The Near-Term Future for AI in Life Insurance
#
When asked, “How AI will transform your organization and benefit stakeholders in three years?” CIO responses included:
- “Ultimately, we view AI as being a pervasive technology that will be deeply ingrained in all aspects of the operation wherever technology is employed. Generative AI will be no different than the internet's disruption to computing in the enterprise.”
- “AI will be used by employees across the organization for everyday tasks, making them significantly more productive. It will be used to improve the customer experience while never being allowed to negatively impact a customer.”

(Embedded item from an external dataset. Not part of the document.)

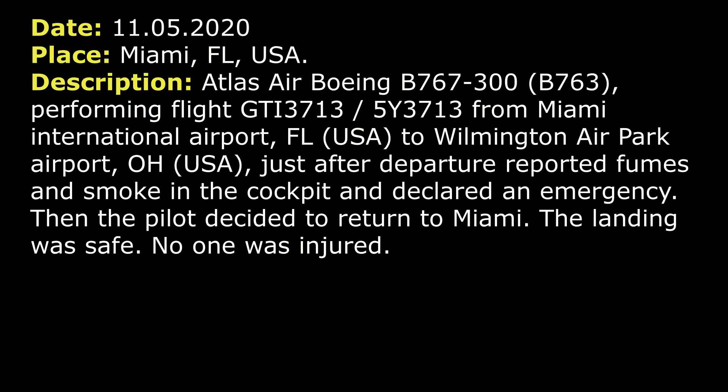On 11th of May 2020, an Atlas Air Boeing 767 performing flight 3713 from Miami International Airport to Wilmington Airport, just after departure, reported fumes and smoke in the cockpit and declared an emergency. Then the pilot decided to return to Miami. The landing was safe.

- “In 3 years, we may have some level of an enterprise-wide success for AI, but I suspect…that we will see pockets of successful implementations on small scales - either at the departmental or individual level. Success will be more bottom up than top down. While AI may represent a potential exponential shift in many areas over time, the limiting factor for us will be organizational, driven largely by ROI considerations. We have a long way to go in terms of technical mastery (both in IT and in the business), governance (including data governance), cost, and organizational commitment...I see years 3-6 as being more impactful.”
Wrap Up #
While the implementation of AI solutions in life insurance is still in its infancy, the potential for transformation is immense. Current efforts are focused on data normalization and process optimization, laying down the foundational elements necessary for future AI integration. Although AI is not currently prioritized, the outlook for the near term suggests a gradual but impactful adoption.
Looking ahead, AI is expected to become a pervasive technology, deeply ingrained in various aspects of operations. It will enhance productivity, improve customer experiences, and drive organizational efficiency. Despite the challenges of technical mastery, governance, and cost, the next three to six years could see significant advancements at departmental and individual levels, driven by a bottom-up approach.
For life insurers aiming to successfully implement AI, the key lies in developing a robust data governance framework, investing in technical expertise, and fostering an organizational commitment to innovation. By addressing these areas, insurers can pave the way for AI to become a cornerstone of their operations, delivering substantial benefits to both the organization and its stakeholders.